*WHAT THIS TASK INVOLVES*
A verbatim copy is needed of the lines below from the one containing "CITY OF BOYNTON" up to and including the one containing "plataforma chinesa de jogos de cassino", excluding pictures.
--- INPUT FOR THIS TASK ---
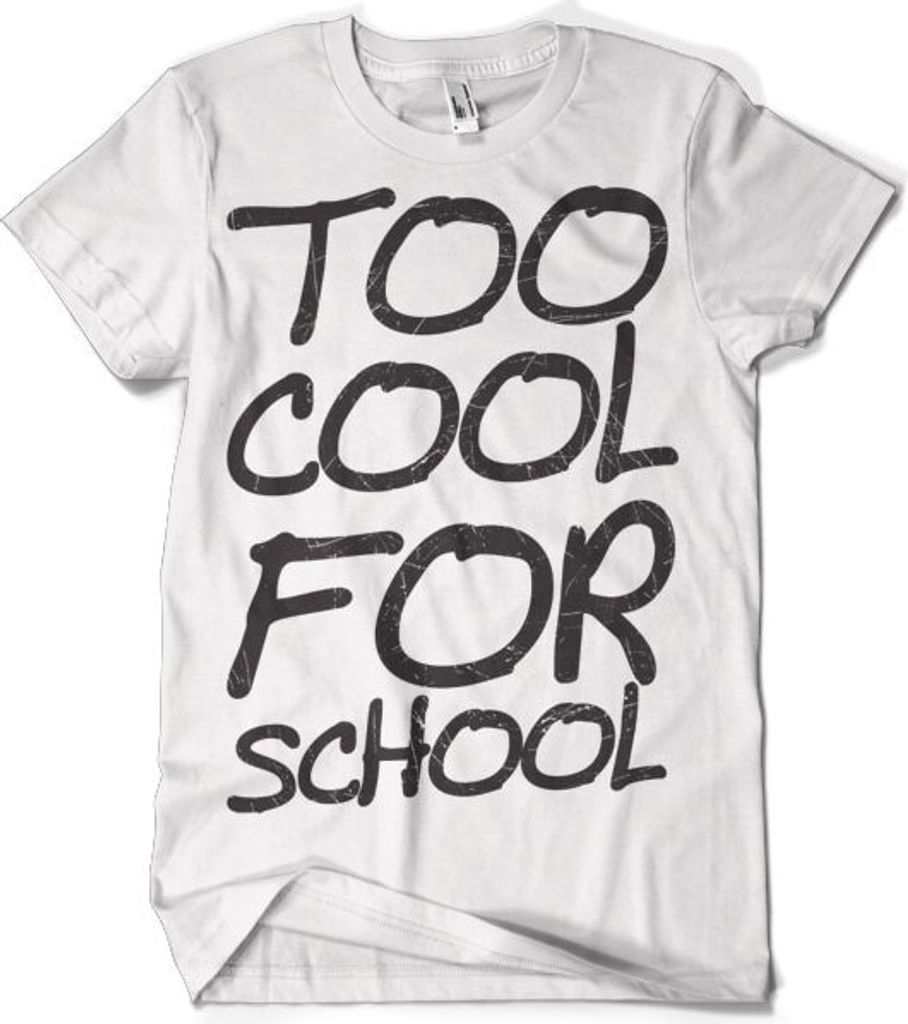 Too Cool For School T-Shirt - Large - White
---
--- INPUT FOR THIS TASK ---
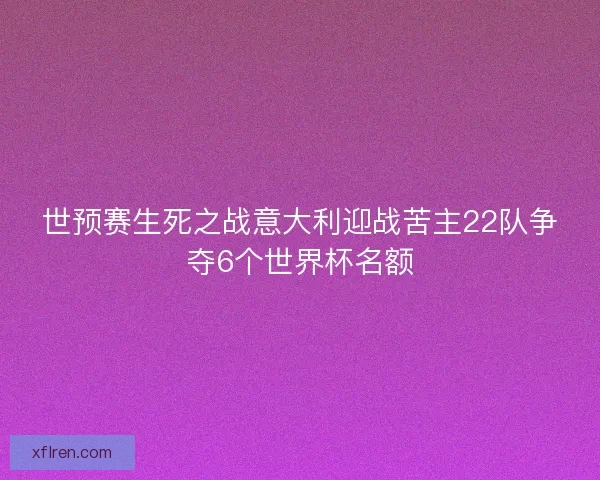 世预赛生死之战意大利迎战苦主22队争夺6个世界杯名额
---
--- INPUT FOR THIS TASK ---
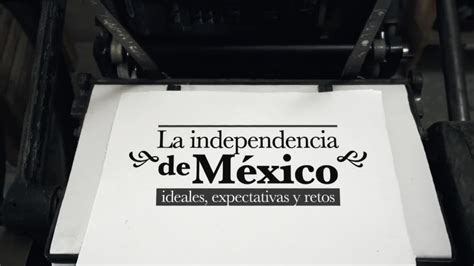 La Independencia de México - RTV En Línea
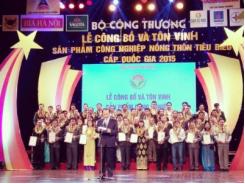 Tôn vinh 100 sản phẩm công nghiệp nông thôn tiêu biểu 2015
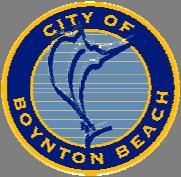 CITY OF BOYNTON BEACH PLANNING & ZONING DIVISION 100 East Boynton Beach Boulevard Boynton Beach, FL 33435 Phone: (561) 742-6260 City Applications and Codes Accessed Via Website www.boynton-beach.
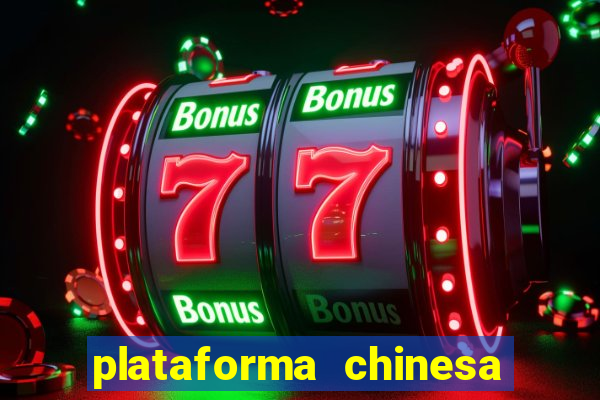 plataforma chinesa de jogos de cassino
---
*SOLUTION TO THE PROBLEM*
 CITY OF BOYNTON BEACH PLANNING & ZONING DIVISION 100 East Boynton Beach Boulevard Boynton Beach, FL 33435 Phone: (561) 742-6260 City Applications and Codes Accessed Via Website www.boynton-beach.
 plataforma chinesa de jogos de cassino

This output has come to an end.